#### [Problem]
Nothing but the text of the listing, repeated exactly, belongs in the answer; leave the images out.

#### [Source data]
━━━━
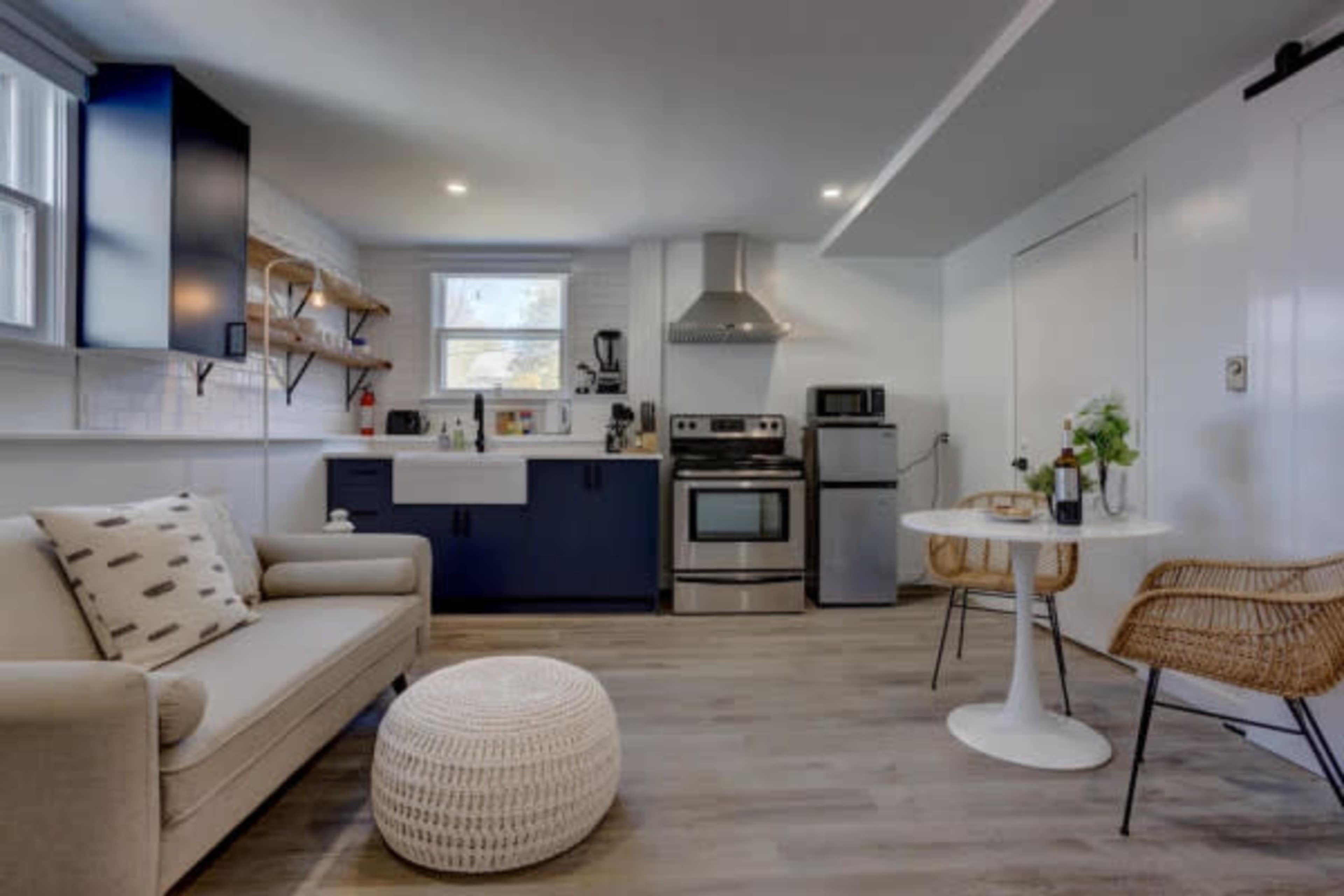 A modern kitchen features stainless steel appliances, a white sink, and a small dining table with rattan chairs.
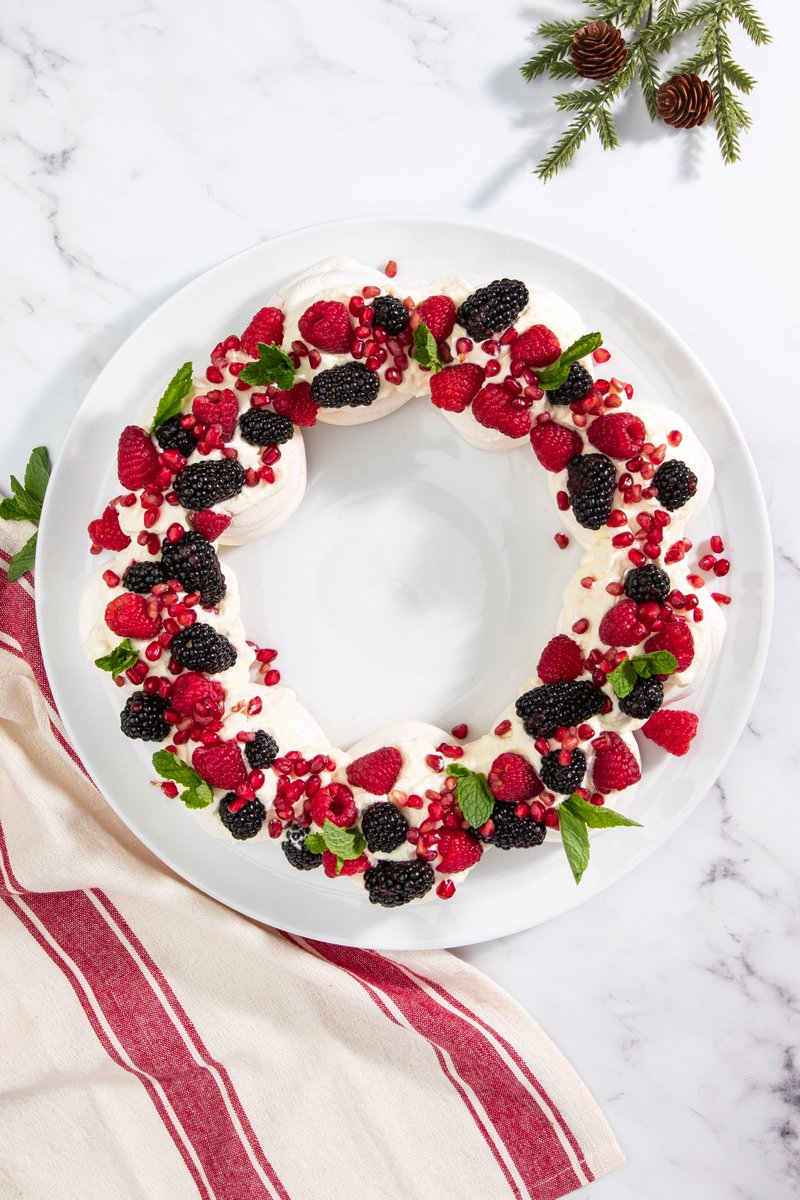 It's time to deck the halls, and we won't say no to a recipe that doubles as a centerpiece. This wreath is made up of mini pavlovas and topped with fresh fruit for a gorgeous (and egg’ceptionally delicious) dessert! 
Get the Recipe Here: dakotalayers.com/index.php/holi…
━━━━
#### [Response to the exercise]
 A modern kitchen features stainless steel appliances, a white sink, and a small dining table with rattan chairs.
 It's time to deck the halls, and we won't say no to a recipe that doubles as a centerpiece. This wreath is made up of mini pavlovas and topped with fresh fruit for a gorgeous (and egg’ceptionally delicious) dessert! 
Get the Recipe Here: dakotalayers.com/index.php/holi…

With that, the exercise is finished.